Top of Recorded information
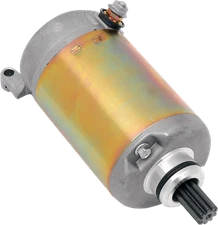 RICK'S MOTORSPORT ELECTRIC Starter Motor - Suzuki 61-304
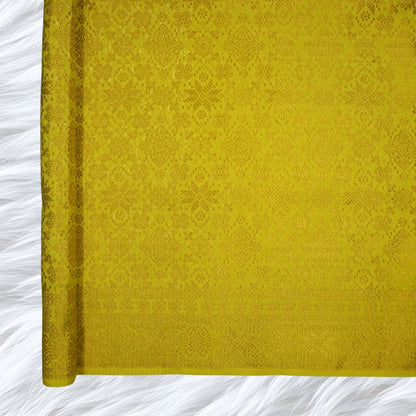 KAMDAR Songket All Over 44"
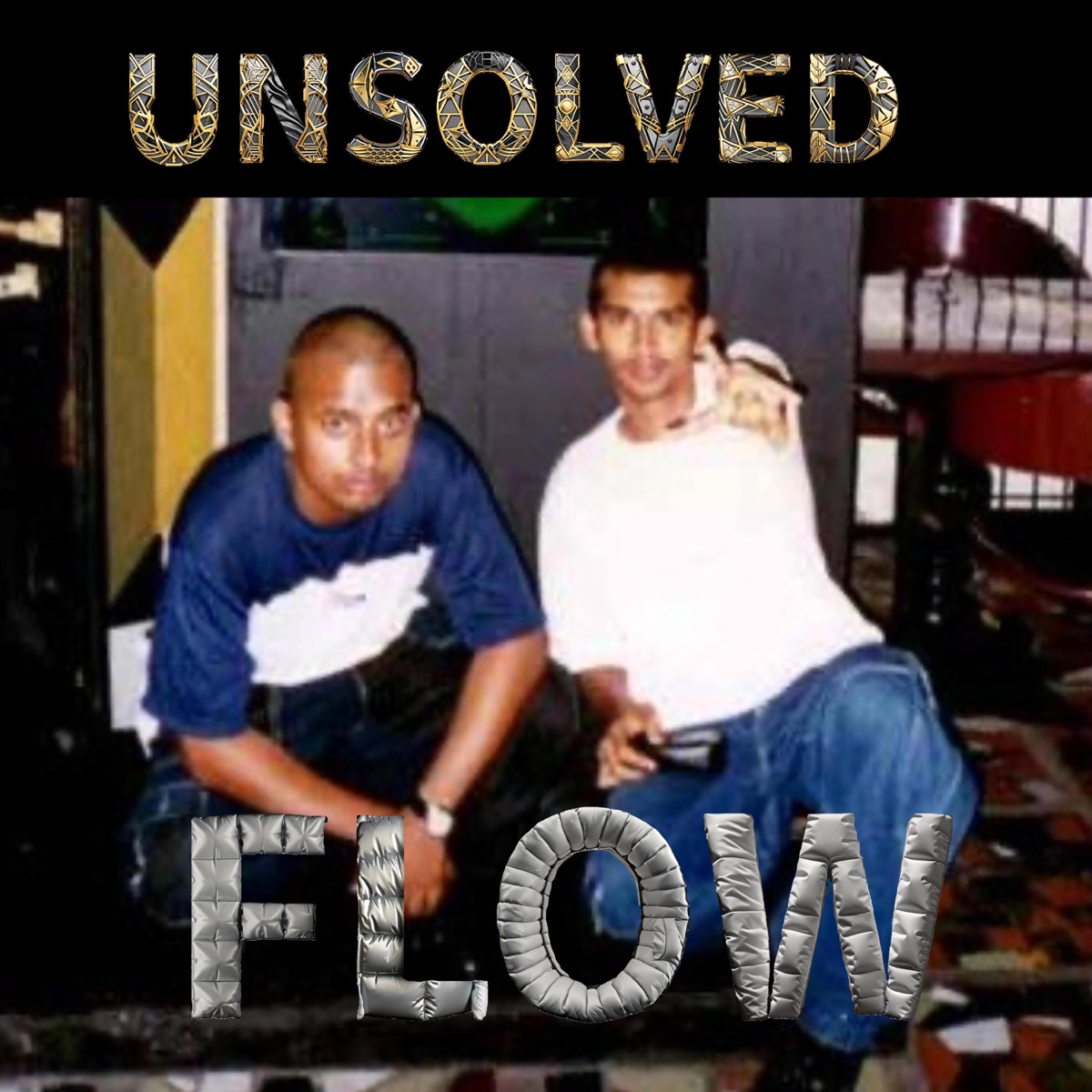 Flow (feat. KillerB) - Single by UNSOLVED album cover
Bottom of Recorded information
[How to complete this task] The line containing "KAMDAR Songket All" and every line after it, up to the last line of the data, should be returned exactly, without the pictures.

[Solution]
 KAMDAR Songket All Over 44"
 Flow (feat. KillerB) - Single by UNSOLVED album cover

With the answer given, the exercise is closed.